The marble of Aurisina


A passion of marble

Nobody knows exactly when, but at some point, the Gruden family settled in Karst and never moved away again from there.

At the gates of Trieste, in the municipality of Aurisina, the quarries worked night and day to extract one of the most beloved rocks of the world: the Marble of Aurisina, a unique limestone rock in terms of purity, color, and versatility. The Gruden family immediately understood its vocation: working the stone, learning to know it, investing in technology. From that moment on they never stopped.


There is fresh air in the world of marble: our low energy consumption machinery and high-tech photovoltaic system allow us to cancel the demand for energy from traditional sources and to do crafts in a completely autonomous way and respectful of the ambient.


Marble is a precious material, like everything that nature produces.
This is why we are always careful in recovering the scraps that stone producing processes creates, transforming these in authentic elements of furniture and design and thus minimizing the environmental impact.



50 – 100 millions years ago

Immense motions of the earth bend and lift the sedimentary rocks formed by the seas that covered the area of today’s Balkans, giving life to the Dinaric Alps and the Karst Plateau, place where today marble is extracted.

3000 BC

During the last Stone age, marble began to be used in the Mediterranean. Although there is no definite evidence, it cannot be excluded that the Aurisina marble was used for Neolithic artistic productions and ornaments.

1st century BC

In 181 BC Roma founded Aquileia. Structures, statues, urns, monuments, and inscriptions are made with the marble of Aurisina, thanks to the recently opened roman quarry, first one of which we have information. Even in Tergeste (the today’s Trieste), one can see a massive use of karst marble.

520 AD

In Ravenna the most important monument of the Ostrogothic culture in Italy is built with Aurisina marble: the Mausoleum of Theodoric, a building with an amazing architecture which today is part of the World Heritage Site UNESCO.

Middle Ages

In the centuries immediately following the Roman empire, even the marble of Aurisina lives a dark period, but it remains one of the most used stones in the near Venice.

1719 AD

With the commercial development of Trieste, due to the proclamation of Free Port, the marble of Aurisina once again became the protagonist of new constructions in cities such as Palazzo Pitteri, the Stock Exchange building and other prestigious examples.

1867 AD

It is with the birth of the Austro-Hungarian empire that the marble of Aurisina has its golden age, finding wide use in Trieste and every part of the reign as for the Imperial Palace of Vienna, the Budapest Parliament and the Opera of Graz.

1890 AD

While Aurisina marble is used in all the most important cities of the reign (Linz, Innsbruck, Graz, Munich, Salzburg, Ljubljana, Prague, Rijeka…) the quarries and the laboratories of Karst count over 3000 workers.

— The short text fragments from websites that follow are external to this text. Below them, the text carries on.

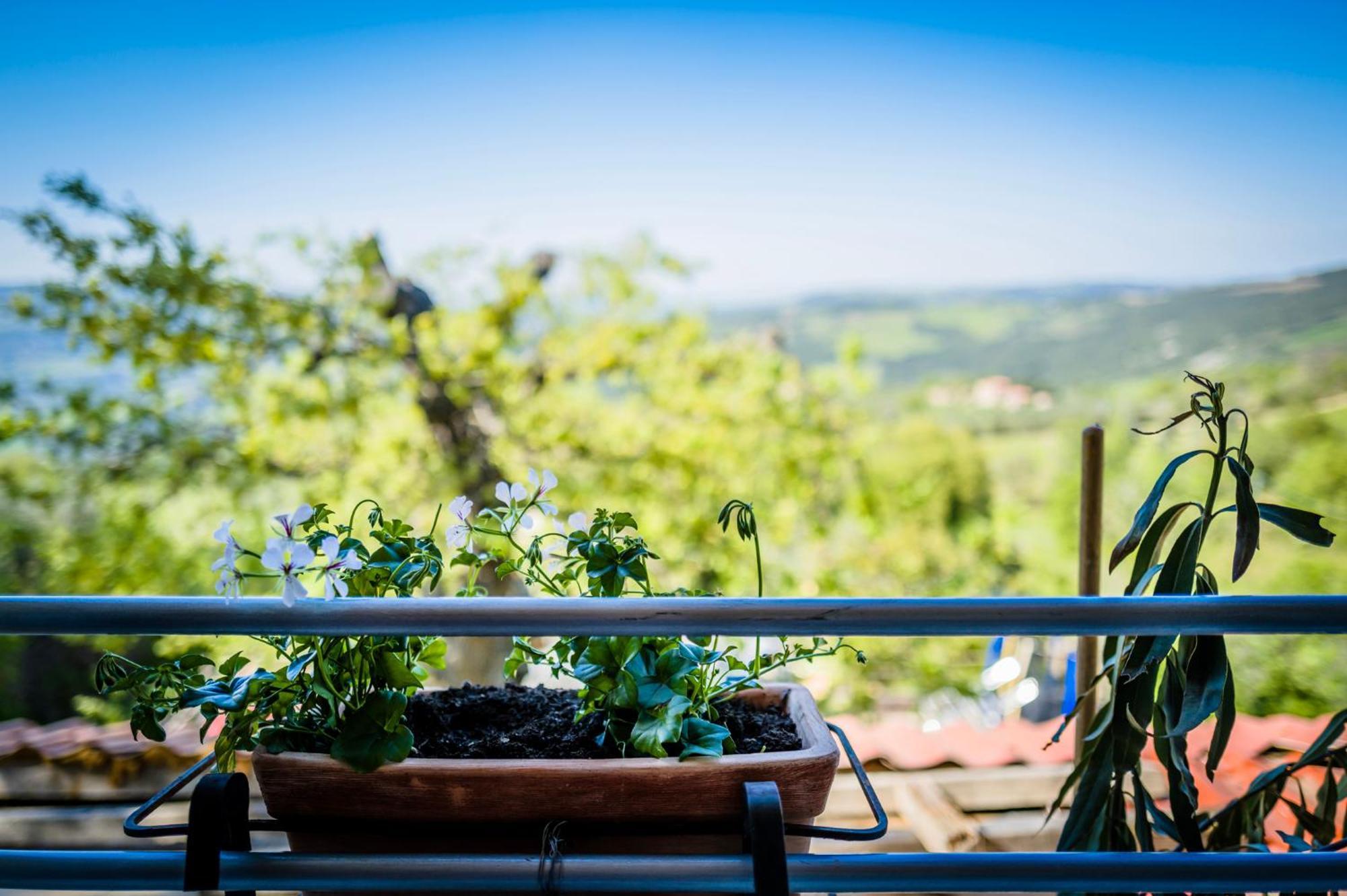 Il Risveglio Del Poggio Hotel Castiglione d'Orcia Exterior photo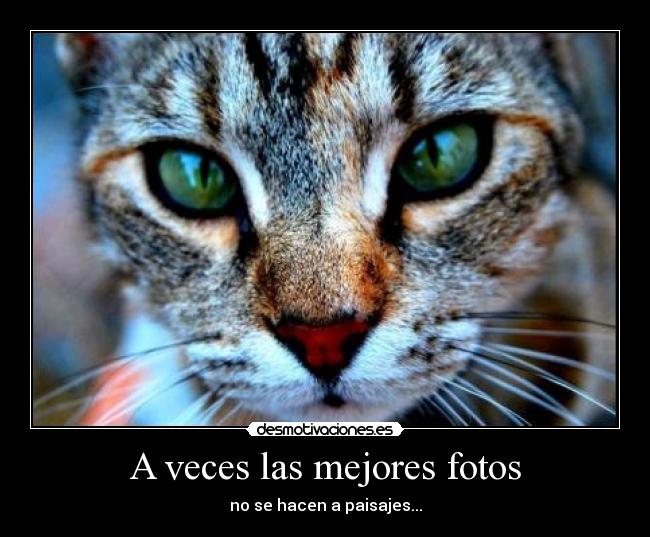 A veces las mejores fotos - 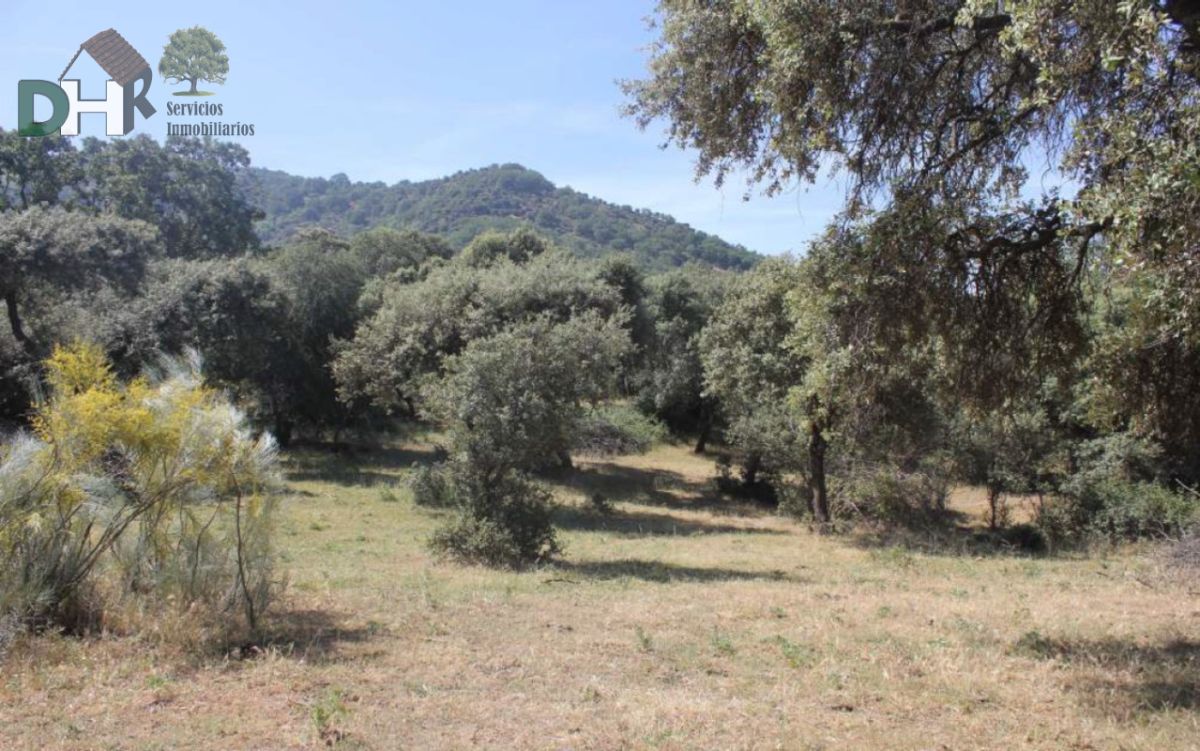 Venta de terreno en Cáceres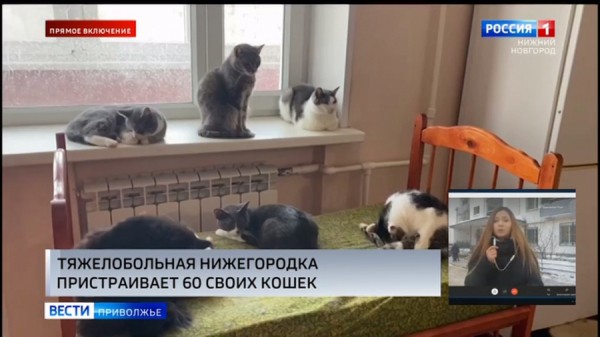 В добрые руки. Тяжелобольная нижегородская пенсионерка раздает своих кошек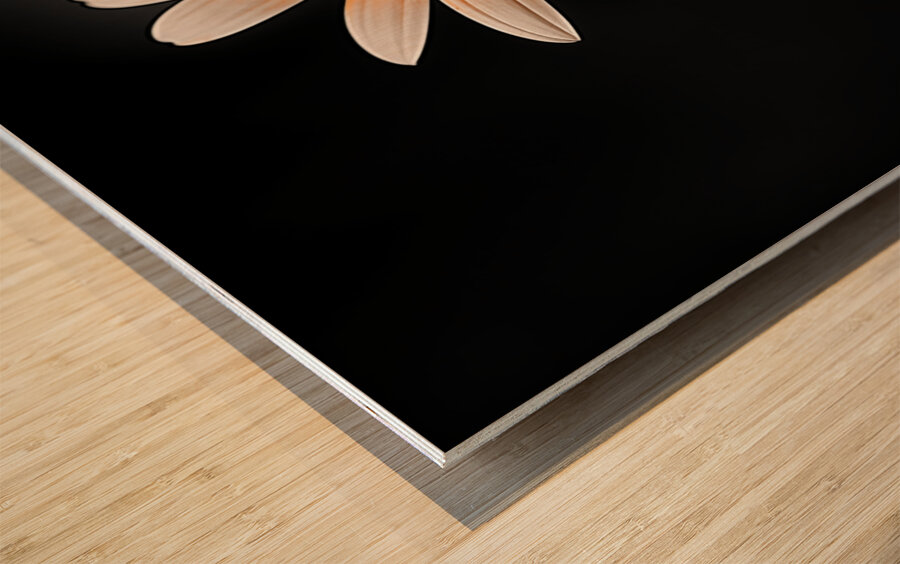 Amber Echo – Warm Toned Floral Minimalist Print Wood print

After Trieste annexation to Italy, the marble of Aurisina is chosen for the Military Memorial of Redipuglia and the Central Station of Milan. For the first time, it arrives overseas countries and is used in Egypt and the USA.


In the second post-war period, the stone keeps finding luck in the foreign markets: subways of Atlanta (USA) and Frankfurt, Berlin airport, Business District of Paris.


Almost 100.000 square meters of karst stone are used to pave and decorate the line 3 of the Milan subway.


Aurisina marble continues to find widespread use around the world, as well by the starchitect such as Zaha Hadid, who uses it for the exterior flooring of its Citylife Shopping District of Milan, and by Cino Zucchi for the interior flooring of the Lavazza headquarters in Turin.